Plan-and-Act: Improving Planning of Agents for Long-Horizon Tasks

Published 12 Mar 2025 in cs.CL | (2503.09572v3)

Abstract: LLMs have shown remarkable advancements in enabling language agents to tackle simple tasks. However, applying them for complex, multi-step, long-horizon tasks remains a challenge. Recent work have found success by separating high-level planning from low-level execution, which enables the model to effectively balance high-level planning objectives and low-level execution details. However, generating accurate plans remains difficult since LLMs are not inherently trained for this task. To address this, we propose Plan-and-Act, a novel framework that incorporates explicit planning into LLM-based agents and introduces a scalable method to enhance plan generation through a novel synthetic data generation method. Plan-and-Act consists of a Planner model which generates structured, high-level plans to achieve user goals, and an Executor model that translates these plans into environment-specific actions.

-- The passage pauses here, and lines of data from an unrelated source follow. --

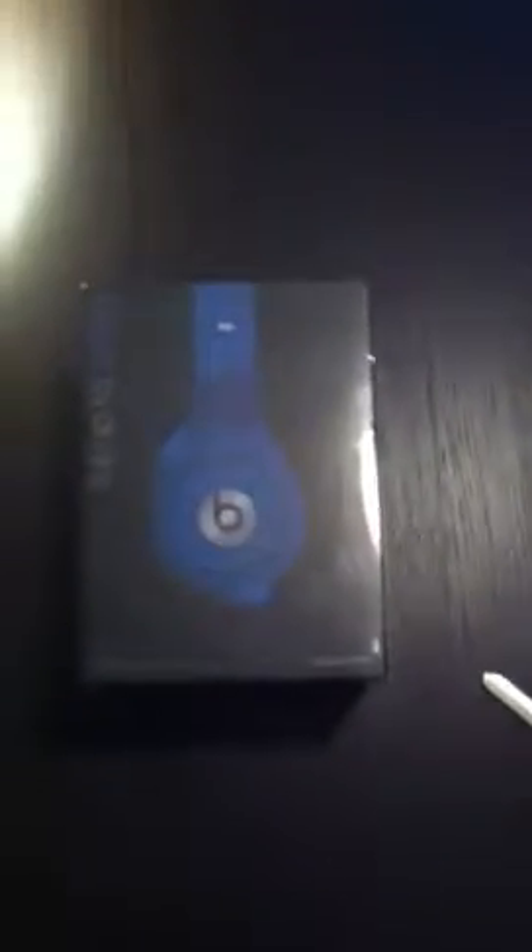Hello everybody, it's LLL48 here and I got a cool unboxing video for you guys today. I know my channel is basically made around RC cars, but this is what I got for my birthday. I got the Studio Beats by Dr. Dre and I got them in one of the limited edition colors — I got it in blue.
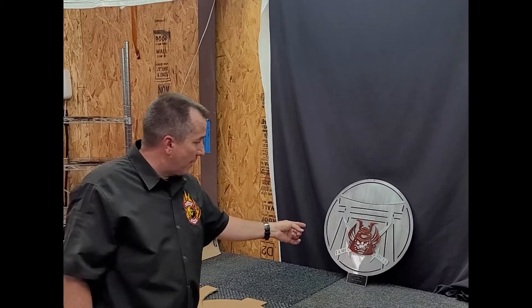Hey, Brian here from Desert Fabworks. I want to do a little video today on the workflow and the process for my multi-layer signs. This guy right here — I've got 55 of these taken and put together.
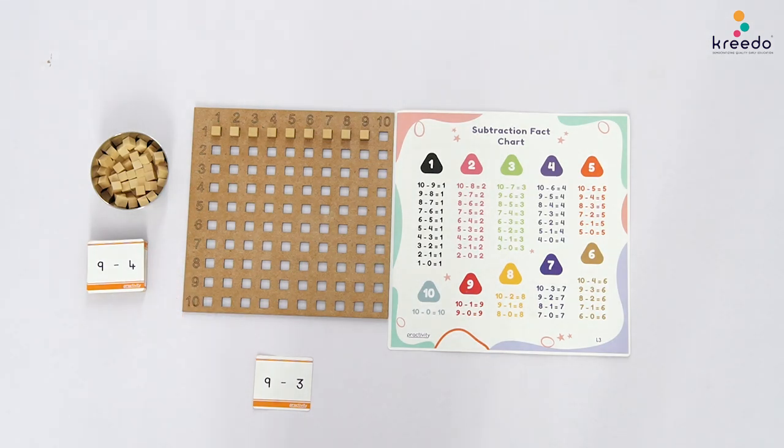Point to the second number on the subtraction card and say: 3, so let us remove 3 unit cubes from the multiplication board.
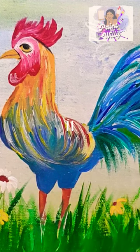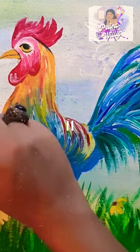Finally, let's step back and admire our masterpiece. The vibrant colors and the rustic charm of our Americana Farmhouse Rooster has come to life on canvas.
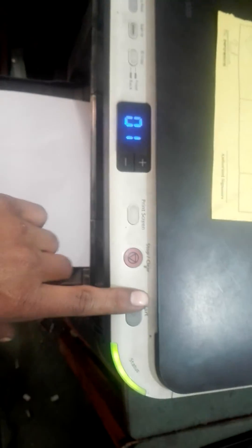You can see the green light is blinking now. Let's try a print. Keep the paper here, let's start. It's printing!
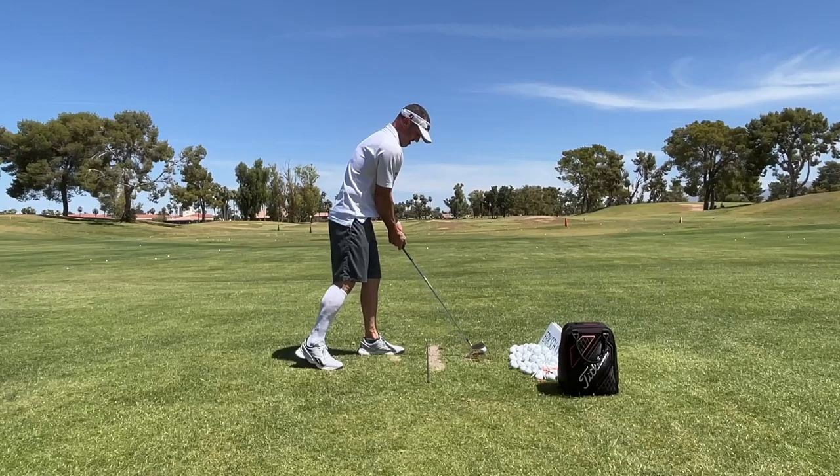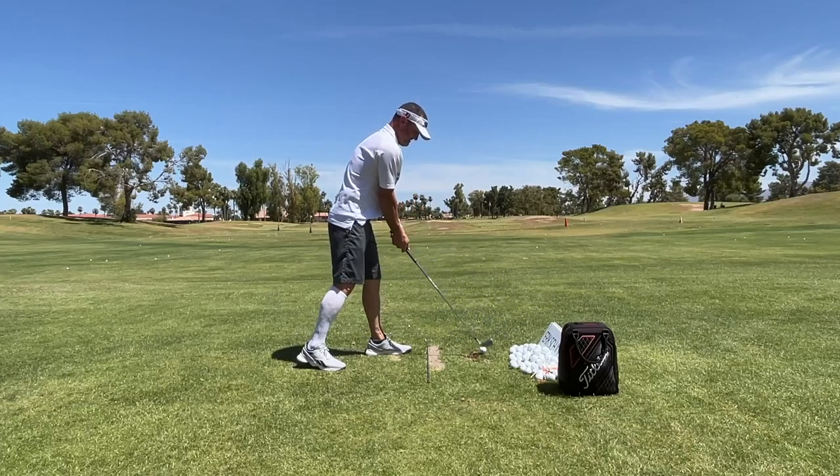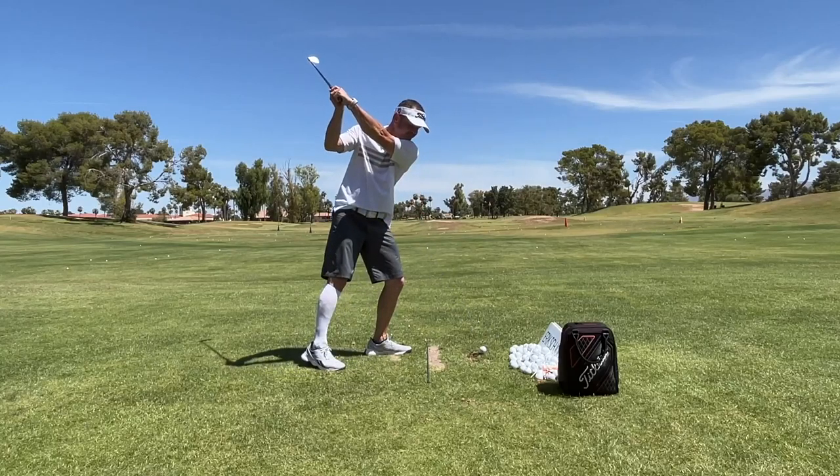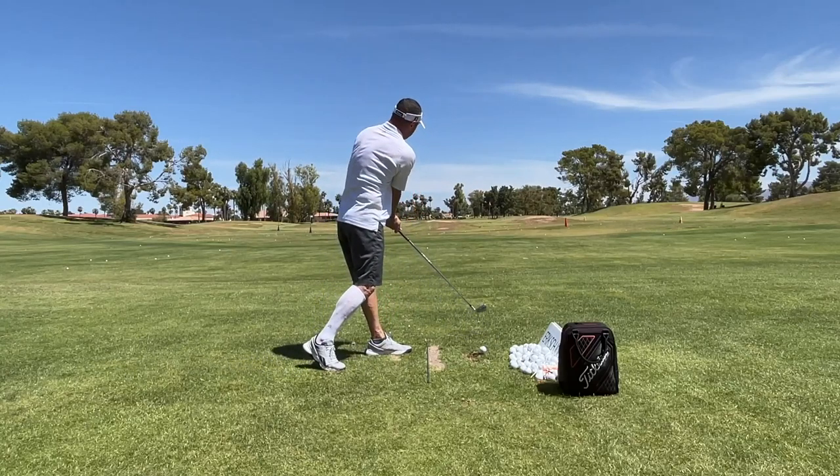Hi friends and golfers. I'm going to go over a drill here with you guys today — getting your trail foot back, your feet should be close together. I do this for people with balance issues and rotation issues.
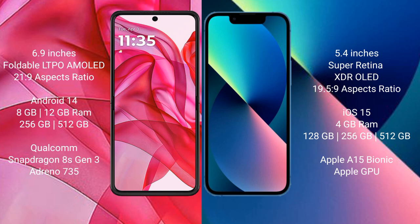The Motorola G50 Ultra comes with 8GB or 12GB RAM and 256GB or 512GB internal storage, powered by a Qualcomm Snapdragon 8 Gen 1 processor and Adreno 735 GPU. The iPhone 13 Mini comes with 4GB RAM and 128GB, 256GB, or 512GB internal storage, powered by the Apple A15 Bionic processor and Apple GPU.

To train the Planner effectively, we introduce a synthetic data generation method that annotates ground-truth trajectories with feasible plans, augmented with diverse and extensive examples to enhance generalization. We evaluate Plan-and-Act using web navigation as a representative long-horizon planning environment, demonstrating a state-of-the-art 57.58% success rate on the WebArena-Lite benchmark as well as a text-only state-of-the-art 81.36% success rate on WebVoyager.

Abstract PDF Upgrade to Chat

Summary

The paper presents a Plan-and-Act framework that leverages synthetic data and dynamic replanning to improve planning in LLM-based agents.
It employs a dual-module system where a Planner generates high-level strategies and an Executor translates these plans into adaptive actions.
Evaluation on the WebArena-Lite benchmark achieved a 53.94% success rate, highlighting its superior performance over traditional methods.

Plan-and-Act: Improving Planning of Agents for Long-Horizon Tasks

Introduction

The "Plan-and-Act" paper introduces a framework aimed at enhancing the planning capabilities of LLM-based agents for complex tasks. The framework encapsulates high-level planning and execution into distinct components— the Planner and Executor—specifically designed to address challenges in multi-step, long-horizon tasks. Recognizing that LLMs struggle with precise plan generation due to a lack of inherent training in explicit planning, the authors propose synthetic data generation to provide extensive examples for training the Planner.

Figure 1: Plan-and-Act System Diagram. The Planner processes the user query to generate a high-level plan for the Executor to implement.

System Architecture

The Plan-and-Act system segregates the responsibilities of task planning and execution into two modules:

Planner: This module formulates structured, high-level strategies to accomplish the specified user tasks. It benefits from a synthetic data generation methodology that accurately assigns ground-truth task annotations, improving plan generation.
Executor: This component translates the plans generated by the Planner into executable actions within the environment, adapting to the dynamic nature of task variables and environment changes using real-time feedback.

The novel feature of the framework is the ability to invoke Dynamic Replanning, which regenerates plans as the environment changes, enabling adaptability and resilience to unforeseen shifts or failures in initial task execution.

Synthetic Data Generation

Action Trajectory Generation

To alleviate the constraints imposed by limited real-world action trajectory data, a scalable synthetic data pipeline is used. This includes generating potential user queries and collecting trajectories rated by an outcome-supervised reward model. The generated data are filtered to ensure that only successful trajectories are utilized in training.

Figure 2: Synthetic Data Generation Pipeline. Shows stages involved in generating and annotating data for training.

Grounded Plan Generation

This process involves reverse-engineering actions from executed trajectories to synthesize structured plans grounded in the actual task environment. It ensures the proposed plans are executable and relevant to the context of execution.

Plan Expansion and Augmentation

The framework extends the planner’s dataset through synthetic augmentation techniques, employing the context-specific patterns identified during data creation to generate additional data samples. This expansion supplements the original datasets, overcoming data scarcity by increasing both volume and diversity.

Results and Evaluation

The Plan-and-Act framework was evaluated on the WebArena-Lite benchmark, achieving a marked improvement in task success rates relative to existing methods such as WebRL, with efficacy demonstrated through a success rate of 53.94%. The results underscore the efficacy of synthetic data strategies and dynamic planning in enhancing agent performance for complex, long-range tasks.

Conclusion

Plan-and-Act effectively separates planning from execution, enhancing performance in LLM agents by employing synthetic data for training nuanced strategies for dynamic, long-horizon tasks. Its modular architecture highlights the potential of scalable data generation in overcoming the intrinsic limitations faced by LLMs in detailed plan generation. Future work aims to integrate memory-enhanced reasoning and multi-modal inputs to further bolster AI capabilities in diverse digital environments.